Image-caption web data:
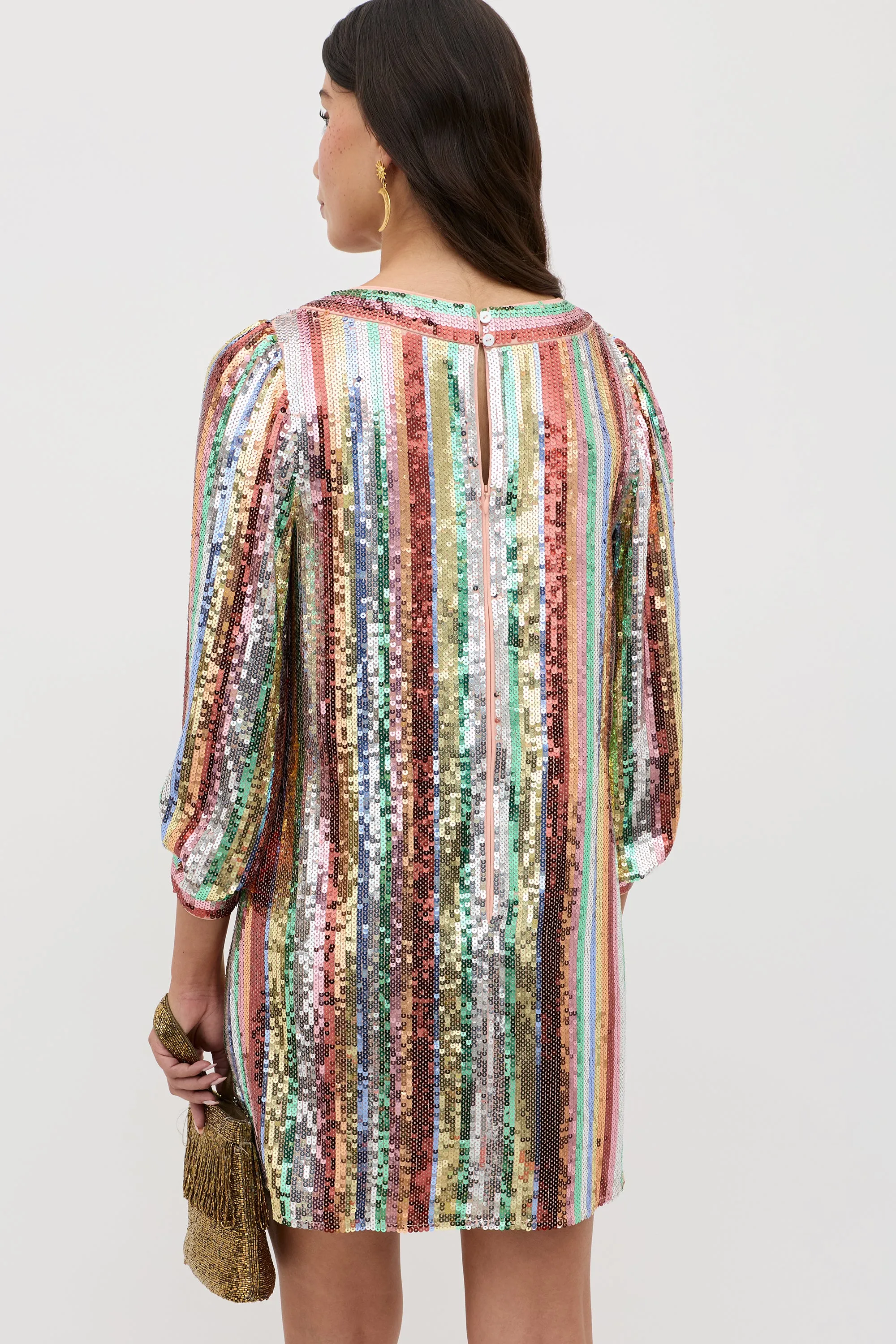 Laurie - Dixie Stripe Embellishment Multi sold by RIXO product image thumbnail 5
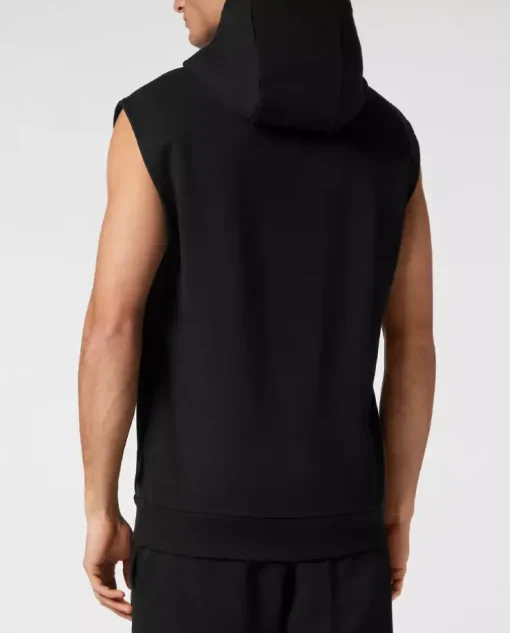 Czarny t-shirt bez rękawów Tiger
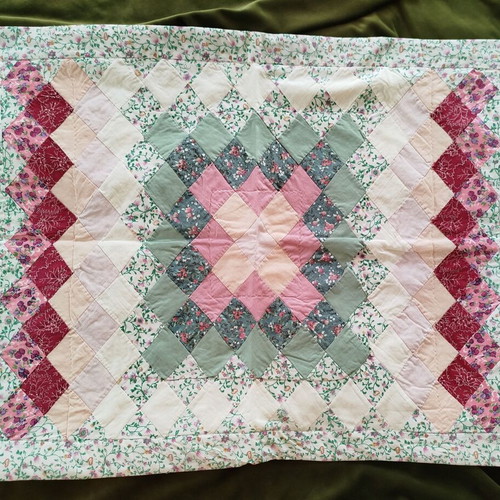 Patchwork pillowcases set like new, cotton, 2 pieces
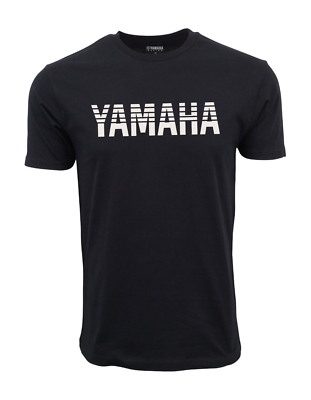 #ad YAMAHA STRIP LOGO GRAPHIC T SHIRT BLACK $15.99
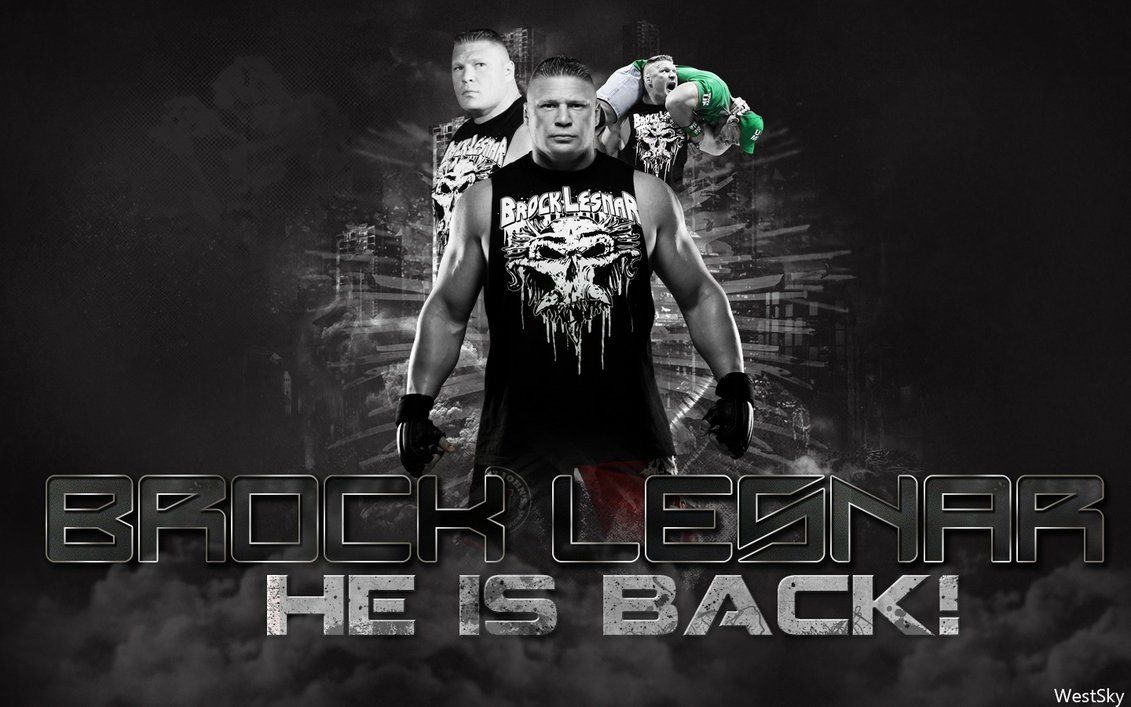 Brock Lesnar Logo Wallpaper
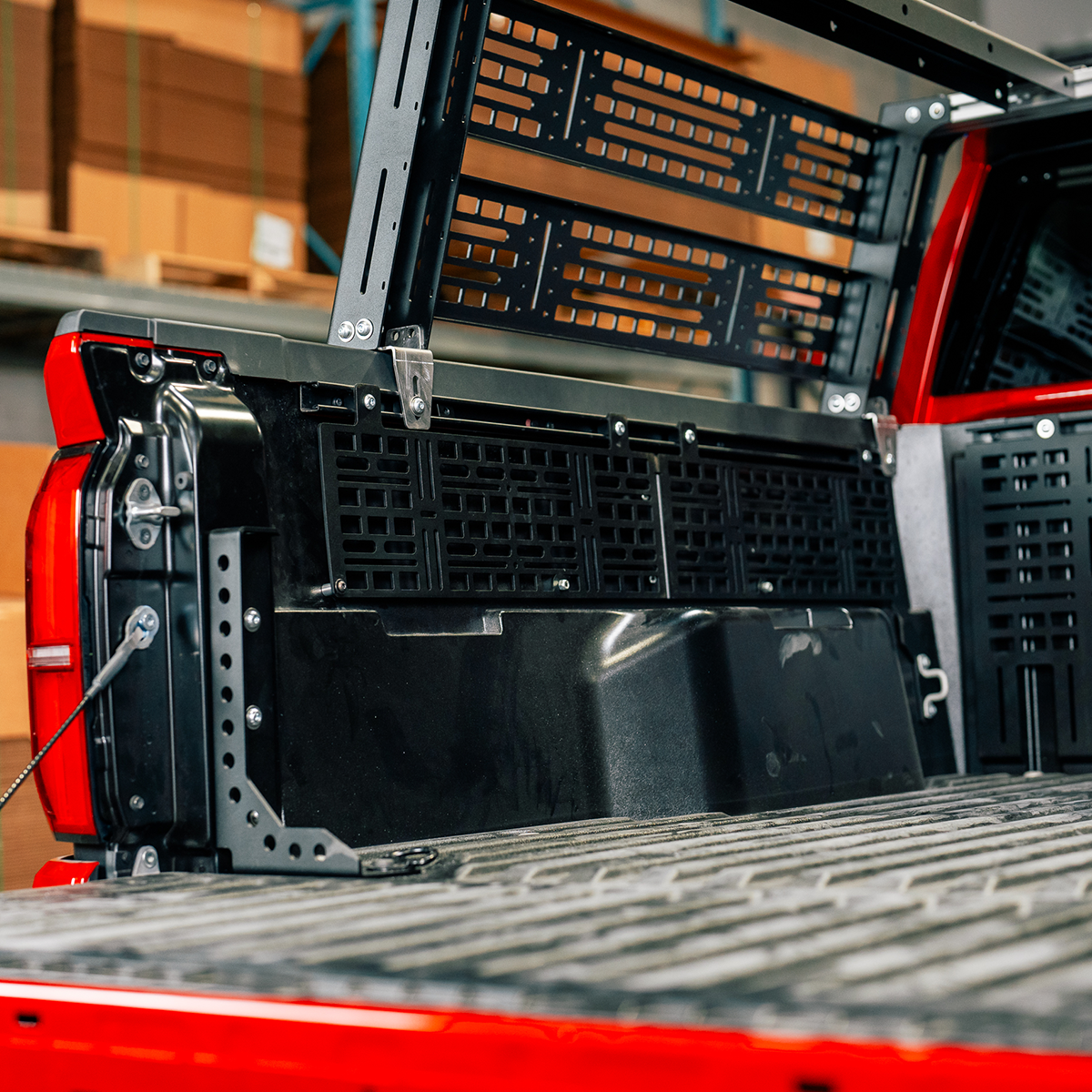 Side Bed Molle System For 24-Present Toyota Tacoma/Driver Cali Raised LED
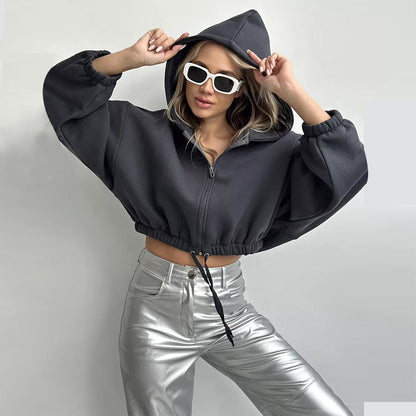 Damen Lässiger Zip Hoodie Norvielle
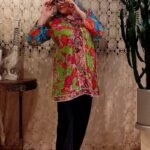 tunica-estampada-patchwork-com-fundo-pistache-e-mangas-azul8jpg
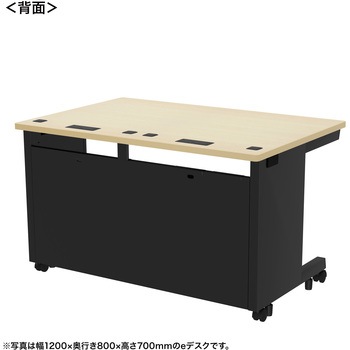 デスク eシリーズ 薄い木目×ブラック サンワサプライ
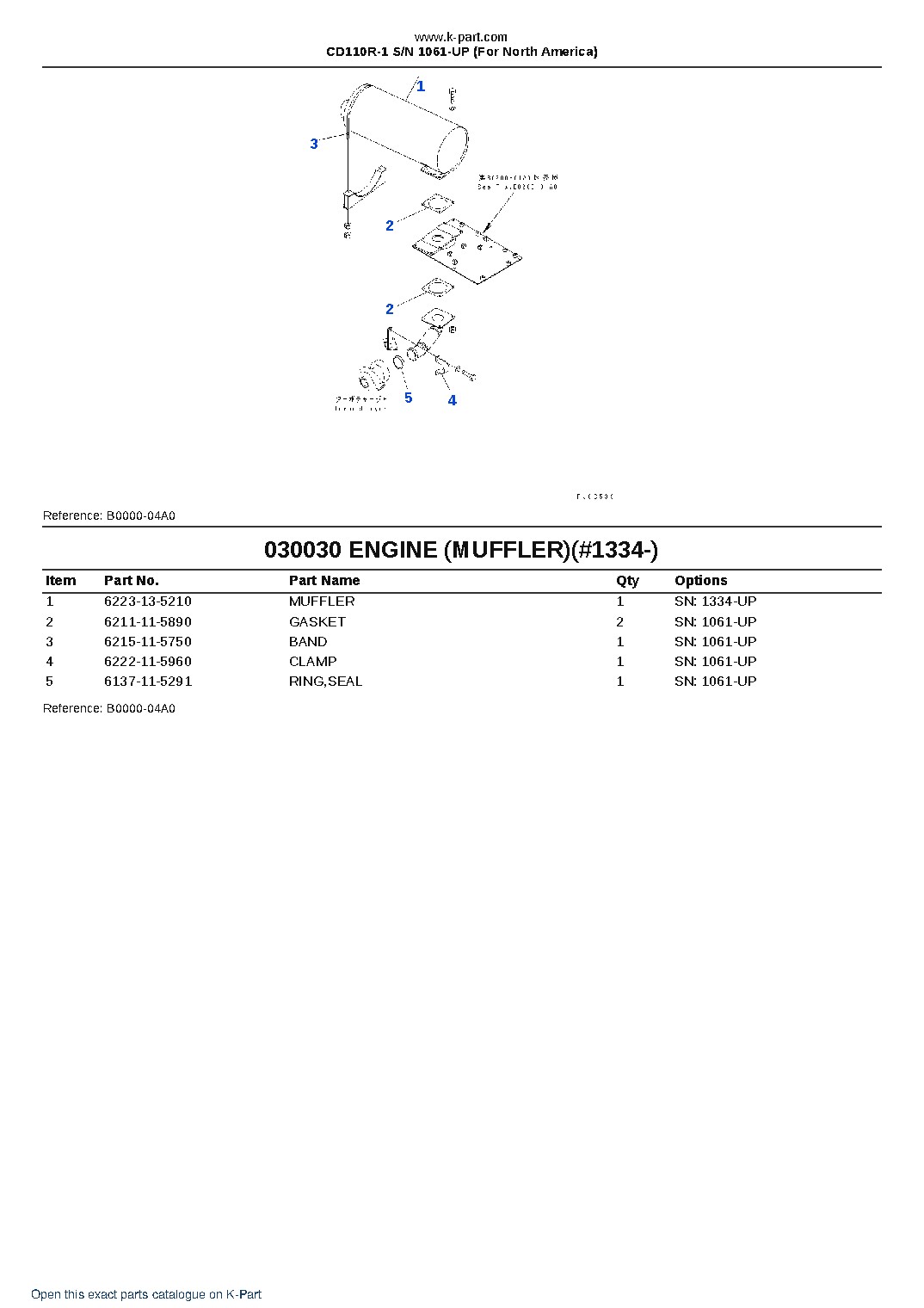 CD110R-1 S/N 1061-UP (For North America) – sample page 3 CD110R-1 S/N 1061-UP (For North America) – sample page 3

• [Work task]:
Return, exactly as they appear, the lines from the line containing "#ad YAMAHA STRIP" through the end of the records above, both ends included, without pictures.

• [Expected answer]:
 #ad YAMAHA STRIP LOGO GRAPHIC T SHIRT BLACK $15.99
 Brock Lesnar Logo Wallpaper
 Side Bed Molle System For 24-Present Toyota Tacoma/Driver Cali Raised LED
 Damen Lässiger Zip Hoodie Norvielle
 tunica-estampada-patchwork-com-fundo-pistache-e-mangas-azul8jpg
 デスク eシリーズ 薄い木目×ブラック サンワサプライ
 CD110R-1 S/N 1061-UP (For North America) – sample page 3 CD110R-1 S/N 1061-UP (For North America) – sample page 3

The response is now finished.